Secretary of State John Kerry argued that America cannot continue to preach equality to the world while refusing to take action at home.
“It’s about fairness and respect for our employees, but it’s also about showing the world we mean what we say and say what we mean,” Kerry said in a statement to The Washington Post. “It’s tough to tell other countries to provide equal opportunity if we’re not living that out ourselves.” No other Secretary of State has made LGBT this important of a priority.
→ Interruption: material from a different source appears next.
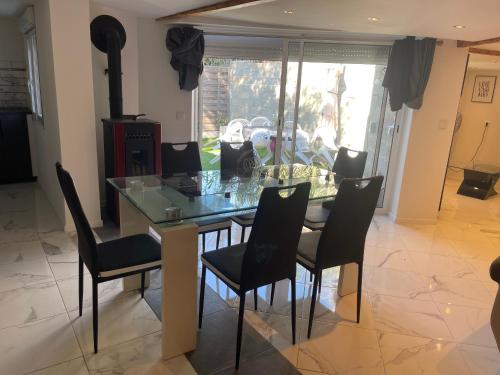 a dining room with a glass table and black chairs at Villa bord de mer deux ch sdb privative in Agde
Earlier this year, Kerry even went so far as to publicly state that the U.S. needs more gay, lesbian, bisexual, and transgender ambassadors. “I’m working hard to ensure that by the end of my tenure, we will have lesbian, bisexual, and transgender ambassadors in our ranks as well,” Kerry reaffirmed at a GLIFAA (formerly Gays and Lesbians in Foreign Affairs Agencies) event at the State Department in June. GLIFAA represents LGBT employees at the State Department, and the organization applauded the recent decision by OPM and AFSPA to push for equality.
According to AFSPA executive Paula S. Jakub, her association has been working hard for two whole years to provide equal opportunity for the transgendered, collaborating with the Office of Personnel Management (OPM). But while the OPM assented, it did not mandate that other health insurance companies follow suit with AFSPA, and so, for reformers, the struggle is not yet complete.